How does a calculator calculate the sine, cosine, tangent using just a number?

Calculators either use the Taylor Series for $\sin / \cos$ or the CORDIC algorithm. A lot of information is available on Taylor Series, so I’ll explain CORDIC instead.

The input required is a number in radians $\theta$, which is between $-\pi / 2$ and $\pi / 2$ (from this, we can get all of the other angles).

First, we must create a table of $\arctan 2^{-k}$ for $k=0,1,2,\ldots, N-1$. This is usually precomputed using the Taylor Series and then included with the calculator.

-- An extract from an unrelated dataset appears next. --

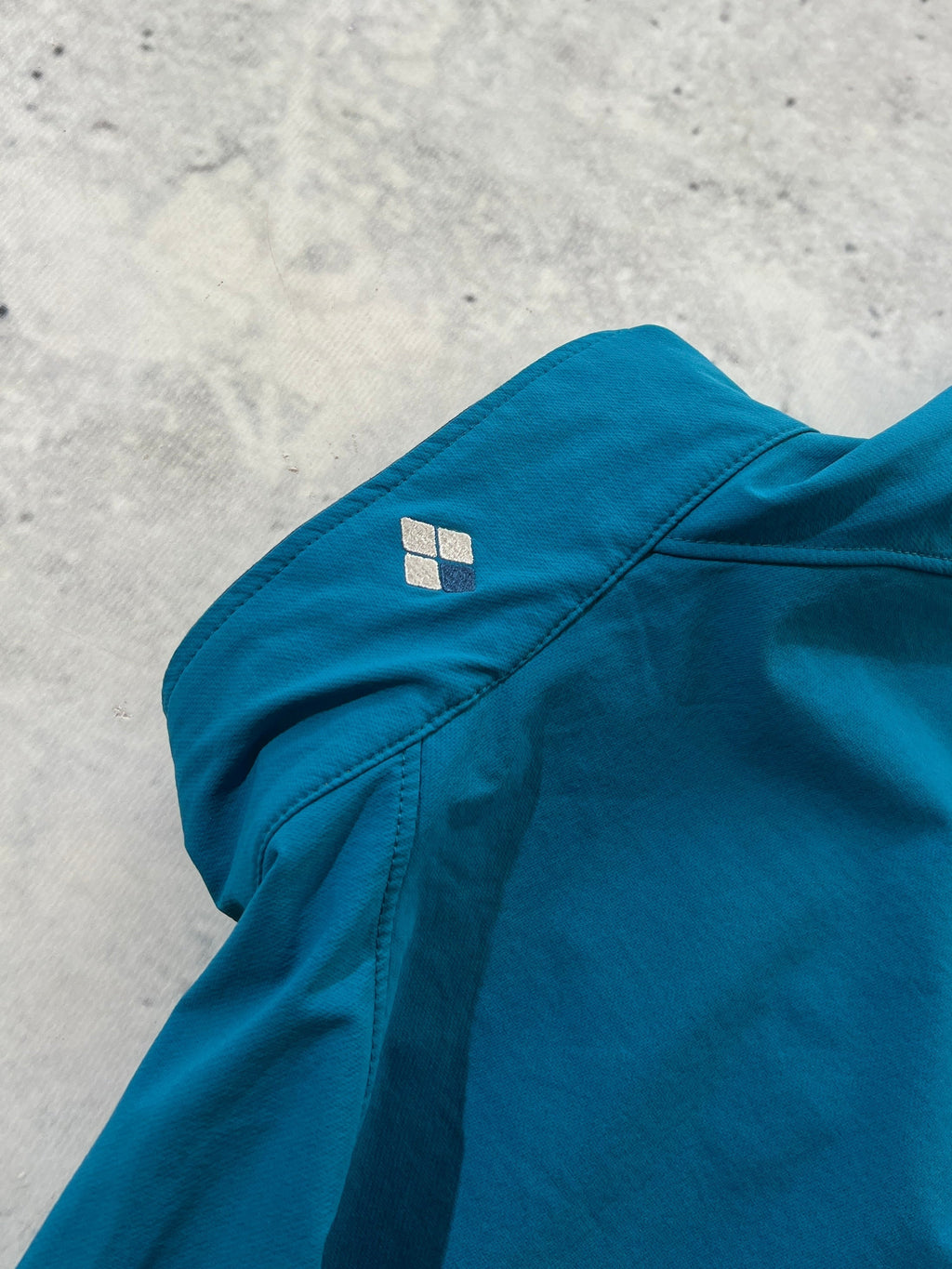 00's Mont Bell Zip Up Jacket (S)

Let $t_i = \arctan 2^{-i}$.

Consider the point in the plane $(1, 0)$. Draw the unit circle. Now if we can somehow get the point to make an angle $\theta$ with the $x$-axis, then the $x$ coordinate is the $\cos \theta$ and the $y$-coordinate is the $\sin \theta$.

Now we need to somehow get the point to have angle $\theta$. Let’s do that now.

Consider three sequences $\{ x_i, y_i, z_i \}$. $z_i$ will tell us which way to rotate the point (counter-clockwise or clockwise). $x_i$ and $y_i$ are the coordinates of the point after the $i$th rotation.

Let $z_0 = \theta$, $x_0 = 1/A_{40} \approx 0.607252935008881$, $y_0 = 0$. $A_{40}$ is a constant, and we use $40$ because we have $40$ iterations, which will give us $10$ decimal digits of accuracy. This constant is also precomputed¹.

Now let:

$$z_{i+1} = z_i - d_i t_i$$
$$x_{i+1} = x_i - y_i d_i 2^{-i}$$
$$y_i = y_i + x_i d_i 2^{-i}$$
$$d_i = \text{1 if } z_i \ge 0 \text{ and -1 otherwise}$$

From this, it can be shown that $x_N$ and $y_N$ eventually become $\cos \theta$ and $\sin \theta$, respectively.

¹: $A_N = \displaystyle\prod_{i=0}^{N-1} \sqrt{1+2^{-2i}}$